* DIRECTIONS: A full, exact copy of the records below is the required answer.

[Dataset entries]
◆ ◆ ◆ ◆ ◆

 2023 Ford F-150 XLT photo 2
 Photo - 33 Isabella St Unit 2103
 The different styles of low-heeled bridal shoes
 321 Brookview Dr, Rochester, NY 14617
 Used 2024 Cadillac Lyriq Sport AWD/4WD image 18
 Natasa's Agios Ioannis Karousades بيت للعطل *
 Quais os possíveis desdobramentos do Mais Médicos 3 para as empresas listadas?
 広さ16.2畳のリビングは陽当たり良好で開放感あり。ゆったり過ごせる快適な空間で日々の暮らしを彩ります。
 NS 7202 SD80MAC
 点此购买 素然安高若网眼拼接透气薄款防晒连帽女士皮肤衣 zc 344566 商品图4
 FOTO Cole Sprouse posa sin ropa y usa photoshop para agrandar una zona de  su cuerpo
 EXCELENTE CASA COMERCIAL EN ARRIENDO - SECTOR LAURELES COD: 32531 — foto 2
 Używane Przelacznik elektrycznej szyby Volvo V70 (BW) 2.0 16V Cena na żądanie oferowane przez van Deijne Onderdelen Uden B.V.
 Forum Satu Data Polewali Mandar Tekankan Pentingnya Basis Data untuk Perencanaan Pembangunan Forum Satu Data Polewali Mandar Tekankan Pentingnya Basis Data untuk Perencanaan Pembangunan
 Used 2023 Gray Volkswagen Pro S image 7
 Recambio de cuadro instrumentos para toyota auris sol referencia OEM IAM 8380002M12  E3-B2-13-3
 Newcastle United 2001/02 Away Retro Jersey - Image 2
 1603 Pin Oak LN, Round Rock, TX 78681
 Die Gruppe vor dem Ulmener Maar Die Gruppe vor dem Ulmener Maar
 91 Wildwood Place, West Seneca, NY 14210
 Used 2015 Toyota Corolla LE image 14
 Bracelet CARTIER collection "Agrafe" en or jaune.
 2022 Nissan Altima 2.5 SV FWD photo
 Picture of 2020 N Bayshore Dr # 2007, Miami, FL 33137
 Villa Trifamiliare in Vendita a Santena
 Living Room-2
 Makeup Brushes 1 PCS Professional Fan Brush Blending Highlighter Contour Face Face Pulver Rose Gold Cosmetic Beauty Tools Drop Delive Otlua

◆ ◆ ◆ ◆ ◆

* RESPONSE TO THE EXERCISE:
 2023 Ford F-150 XLT photo 2
 Photo - 33 Isabella St Unit 2103
 The different styles of low-heeled bridal shoes
 321 Brookview Dr, Rochester, NY 14617
 Used 2024 Cadillac Lyriq Sport AWD/4WD image 18
 Natasa's Agios Ioannis Karousades بيت للعطل *
 Quais os possíveis desdobramentos do Mais Médicos 3 para as empresas listadas?
 広さ16.2畳のリビングは陽当たり良好で開放感あり。ゆったり過ごせる快適な空間で日々の暮らしを彩ります。
 NS 7202 SD80MAC
 点此购买 素然安高若网眼拼接透气薄款防晒连帽女士皮肤衣 zc 344566 商品图4
 FOTO Cole Sprouse posa sin ropa y usa photoshop para agrandar una zona de  su cuerpo
 EXCELENTE CASA COMERCIAL EN ARRIENDO - SECTOR LAURELES COD: 32531 — foto 2
 Używane Przelacznik elektrycznej szyby Volvo V70 (BW) 2.0 16V Cena na żądanie oferowane przez van Deijne Onderdelen Uden B.V.
 Forum Satu Data Polewali Mandar Tekankan Pentingnya Basis Data untuk Perencanaan Pembangunan Forum Satu Data Polewali Mandar Tekankan Pentingnya Basis Data untuk Perencanaan Pembangunan
 Used 2023 Gray Volkswagen Pro S image 7
 Recambio de cuadro instrumentos para toyota auris sol referencia OEM IAM 8380002M12  E3-B2-13-3
 Newcastle United 2001/02 Away Retro Jersey - Image 2
 1603 Pin Oak LN, Round Rock, TX 78681
 Die Gruppe vor dem Ulmener Maar Die Gruppe vor dem Ulmener Maar
 91 Wildwood Place, West Seneca, NY 14210
 Used 2015 Toyota Corolla LE image 14
 Bracelet CARTIER collection "Agrafe" en or jaune.
 2022 Nissan Altima 2.5 SV FWD photo
 Picture of 2020 N Bayshore Dr # 2007, Miami, FL 33137
 Villa Trifamiliare in Vendita a Santena
 Living Room-2
 Makeup Brushes 1 PCS Professional Fan Brush Blending Highlighter Contour Face Face Pulver Rose Gold Cosmetic Beauty Tools Drop Delive Otlua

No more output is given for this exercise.